A computer implementing a virtual memory system typically employs a certain amount of "physical" memory composed of relatively fast semiconductor RAM devices, along with a much larger amount of "virtual" memory composed of hard disk, where the access time of the hard disk is perhaps several hundred times that of the RAM devices. The virtual memory management scheme uses an operating system such as UNIX.TM. along with hardware including a translation buffer, and is well known. In multi-tasking operating systems where more than one program runs at the same time, each running in a time slice of its own, each program appears to have an entire memory space to itself. To make room in the physical memory to run a new program, or to allocate more memory for an already-running program, the memory management mechanism either "swaps" out an entire program (process) to disk memory or "pages" out a portion (page) of an existing process to disk.

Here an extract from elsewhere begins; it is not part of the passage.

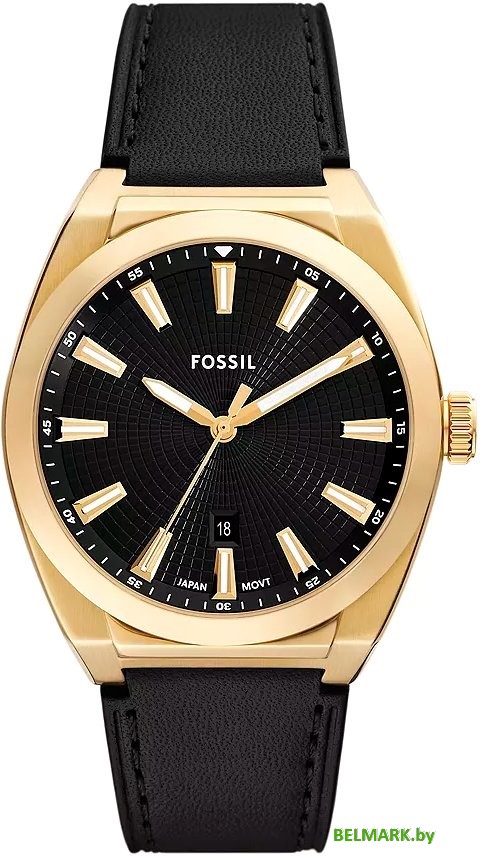 Наручные часы Fossil FS6089 - фото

Transferring data to and from disk memory is very slow compared to the transfer time to main memory, and so "solid state disks" (composed of semiconductor RAMs like the main memory) have been used as a substitute for magnetic disk to improve system performance. This is at a much higher cost per megabyte of storage, however, due to the cost of semiconductor RAMs. Data compression has not been used because of the variable-length record problem as discussed below, i.e., compressed data blocks are of variable size, making random access of compressed "pages" of data impractical.
In memory-constrained environments a certain percentage of the pages of the total virtual storage in use will not actually be resident in the machine's physical memory frames. These pages, when referenced, must be brought into memory from the paging space (which is kept on physical disk) in a page fault operation. Such page faults are expensive because physical disk operations typically take tens of milliseconds, all of which time the faulting application must wait.
Ideally, a configuration will have sufficient real memory to avoid continuous page fault activity. Because of both the expense of memory, and the difficulty of sizing memory requirements, this is not always the case. Packaging requirements for portable machines (e.g., laptops) are likely to exacerbate this problem.